There are things to improve and ways to remove weaknesses; how to do is is left as an exercise to the reader :)

- Tune the range of the function to avoid the jump where the table starts and ends.
- Add a slight noise function to hide the aliasing artifacts.
- As Rex said, interpolation could get you quite a bit further precision-wise while being rather cheap performance-wise.

There are a much faster functions that do very similar things:

x / (1 + abs(x)) – fast replacement for TAHN

And similarly:

x / (2 + 2 * abs(x)) + 0.5 - fast replacement for SIGMOID

Compare plots with actual sigmoid

Doing a Google search, I found an alternative implementation of the Sigmoid function.

public double Sigmoid(double x) { return 2 / (1 + Math.Exp(-2 * x)) - 1; }

Is that correct for your needs?

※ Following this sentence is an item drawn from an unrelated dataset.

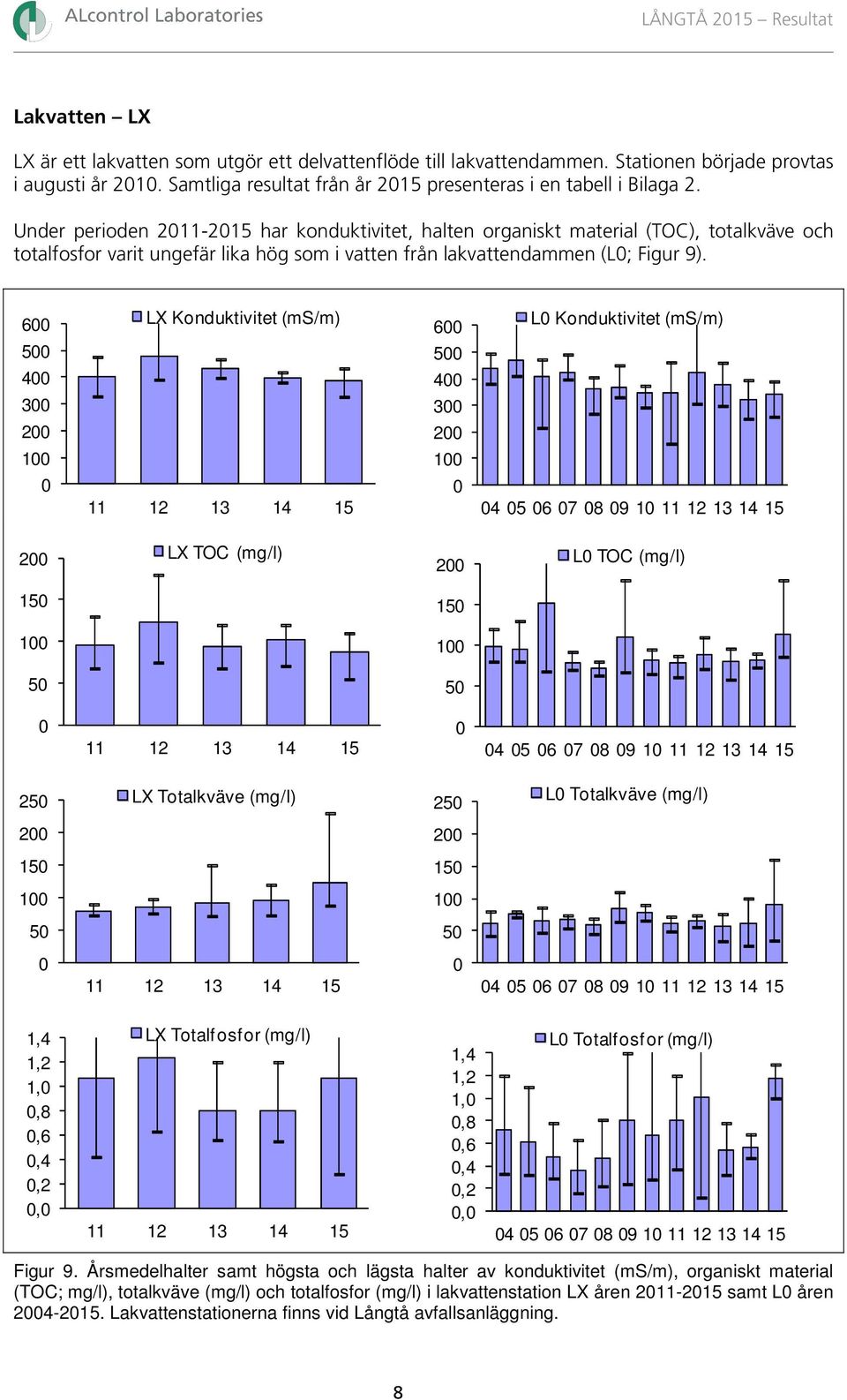 Under perioden 211-215 har konduktivitet, halten organiskt material (TOC), totalkväve och totalfosfor varit ungefär lika hög som i vatten från lakvattendammen (L; Figur 9).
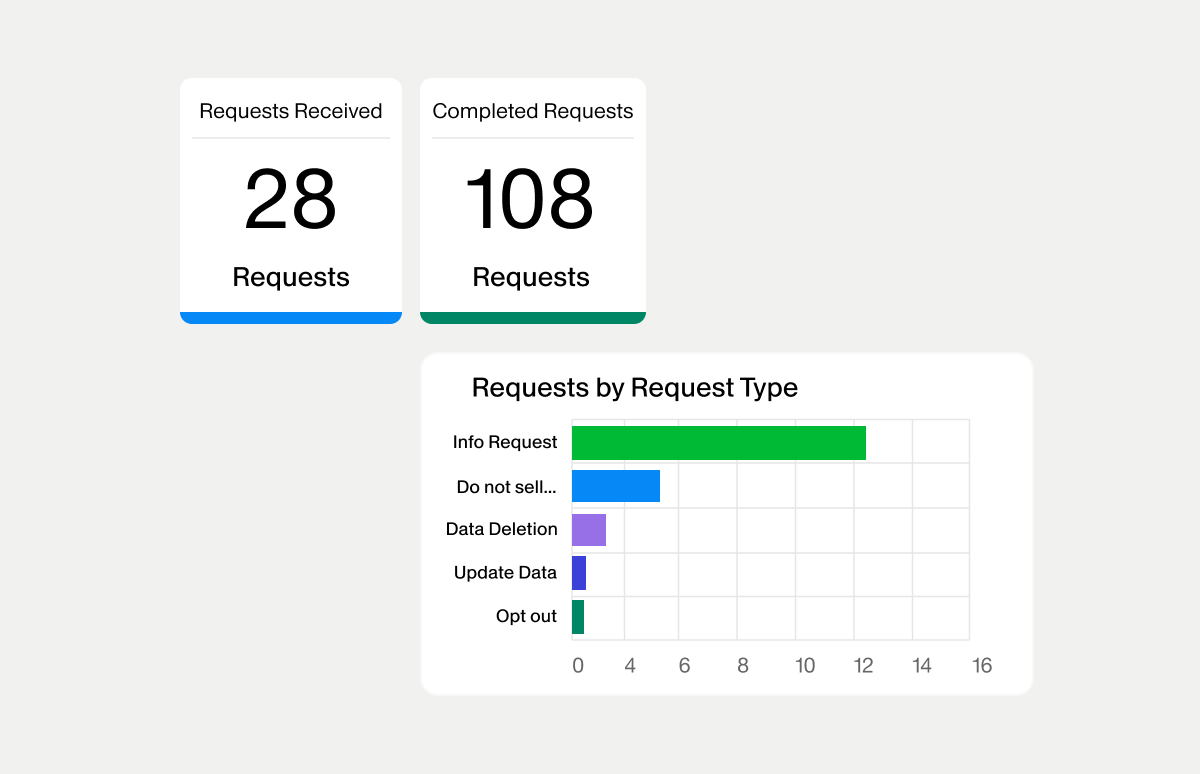 Consumer and employee rights request widgets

Is it faster?

http://dynamicnotions.blogspot.com/2008/09/sigmoid-function-in-c.html

1) Do you call this from only one place? If so, you may gain a small amount of performance by moving the code out of that function and just putting it right where you would normally have called the Sigmoid function. I don't like this idea in terms of code readability and organization but when you need to get every last performance gain, this might help because I think function calls require a push/pop of registers on the stack, which could be avoided if your code was all inline.

2) I have no idea if this might help but try making your function parameter a ref parameter. See if it's faster. I would have suggested making it const (which would have been an optimization if this were in c++) but c# doesn't support const parameters.

If you need a giant speed boost, you could probably look into parallelizing the function using the (ge)force. IOW, use DirectX to control the graphics card into doing it for you. I have no idea how to do this, but I've seen people use graphics cards for all kinds of calculations.

I've seen that a lot of people around here are trying to use approximation to make Sigmoid faster. However, it is important to know that Sigmoid can also be expressed using tanh, not only exp. Calculating Sigmoid this way is around 5 times faster than with exponential, and by using this method you are not approximating anything, thus the original behaviour of Sigmoid is kept as-is.

public static double Sigmoid(double value) { return 0.5d + 0.5d * Math.Tanh(value/2); }

Of course, parellization would be the next step to performance improvement, but as far as the raw calculation is concerned, using Math.Tanh is faster than Math.Exp.